Imagine that the situation in Afghanistan were exactly what it is today -- a corrupt government in Kabul with dubious legitimacy, the Taliban gaining strength, al Qaeda's leaders still hiding out in northwest Pakistan, etc. -- except that the U.S. military wasn't there. And then ask yourself: would you be in favor of sending 100,000 or so American soldiers to fight and die there?

My views on this subject are clear, so feel free to discount what follows. But I doubt we would be having a serious debate about sending a large number of troops to Afghanistan if we weren't there already. Instead, we would be treating Afghanistan the same way we treat most failed states. We'd express our concern, offer modest amounts of humanitarian assistance, we'd let the U.N. do its best, and if we thought al Qaeda was operating there, we'd go after them with special forces and Predators or other military assets. Just look at how we are currently dealing with Somalia or Yemen or Sudan and you get an idea of how we would be dealing with Afghanistan if were we not there already.

And notice that the scenario I've posited is actually more favorable than the one we are actually in. In this counterfactual, Kabul is losing on its own, whereas in reality, Kabul is losing even though there are 100,000 or so foreign troops already trying to help, at a cost that far exceeds the entire GDP of the country. At this point, nobody should be under no illusions about how hard this really is.

Of course, one can argue that the simple fact that we are already there fundamentally alters the strategic calculus. We wouldn't intervene if we were starting from scratch today, but some will say that allowing ourselves to be defeated by the Taliban will have disastrous effects on our reputation and encourage bin Laden & Co. to believe they are winning.

Robert Kaplan takes this line in an op-ed in today's New York Times, arguing that "an ignominious withdrawal from Afghanistan is precisely what would lead to our decline, by demoralizing our military, signaling to our friends worldwide that we cannot be counted on and demonstrating that our enemies have greater resolve than we do. That is why we have no choice in Afghanistan but to add troops and continue to fight."

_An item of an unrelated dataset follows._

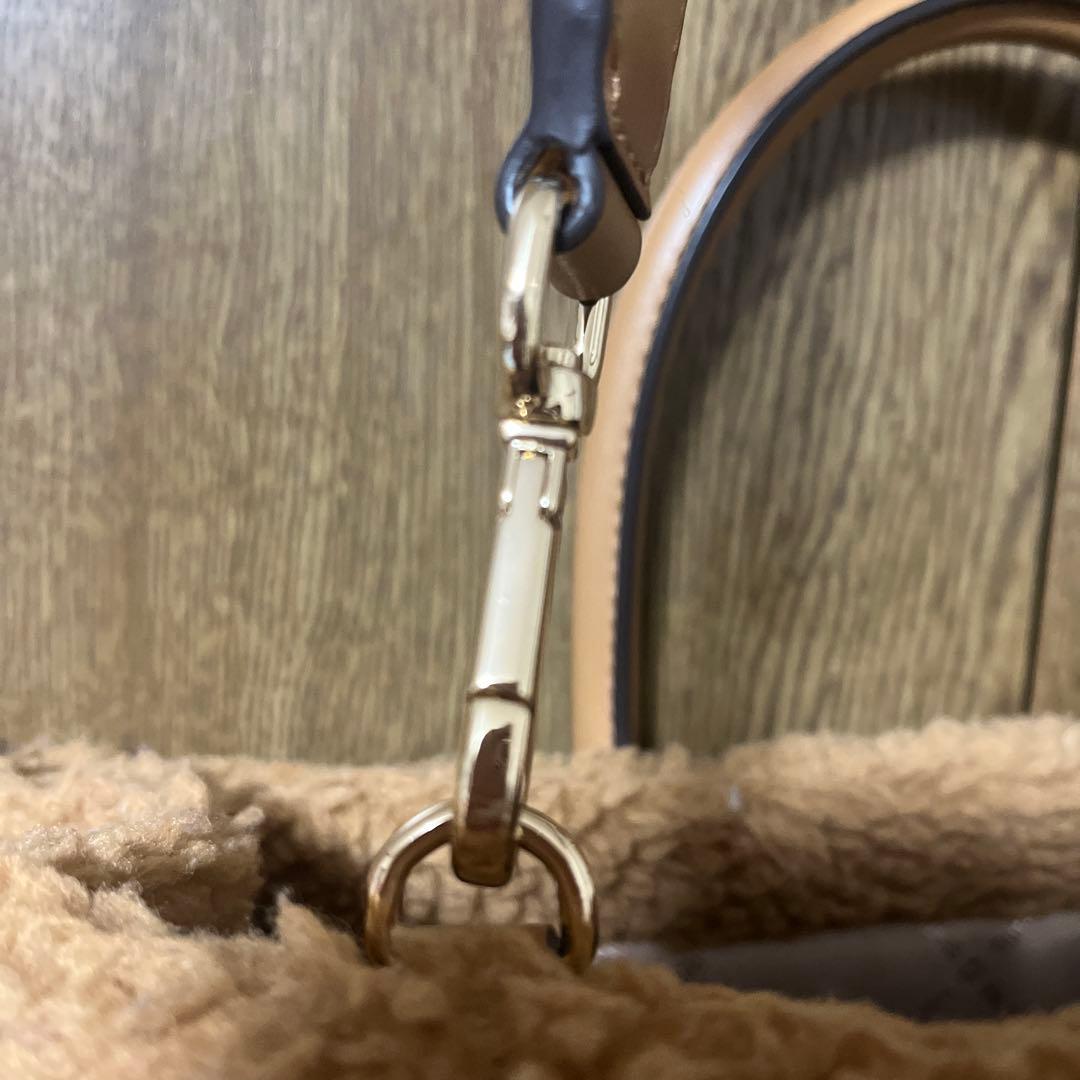MICHAELKORSベージュ ハンドバッグショルダーバックボアミディアムサイズ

This is an familiar line of argument, of course, even though the best scholarly studies of reputation and credibility have found that past behavior doesn't have much effect on future credibility. Be that as it may, one could just as easily argue that U.S. credibility will be damaged far more if we squander another trillion dollars in Afghanistan and end up with a degraded and demoralized military and a population that is truly sick of overseas involvements.

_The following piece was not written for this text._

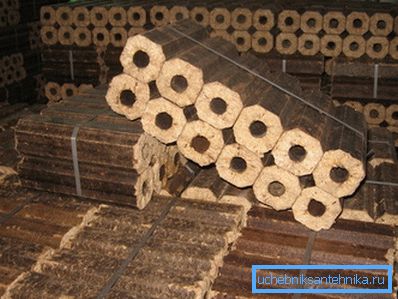 Briket biogorivo iz odpadne lesne industrije Briket biogorivo iz odpadne lesne industrije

Nonetheless, the main thrust of Kaplan's piece is well worth pondering. He points out that while the United States is doing the heavy lifting in Afghanistan, the chief beneficiaries of success will be China (and to a lesser extent Russia and India). He notes that past empires declined "by allowing others to take advantage of its own exertions." And his conclusion is right on the money: "history suggests that over time we can more easily preserve our standing in the world by using naval and airpower from a distance when intervening abroad. Afghanistan should be the very last place where we are a land-based meddler, caught up in internal Islamic conflict, helping the strategic ambitions of the Chinese and others."

Needless to say, that's not an argument for "seeking the middle ground." That's an argument for getting out as quickly and prudently as we can.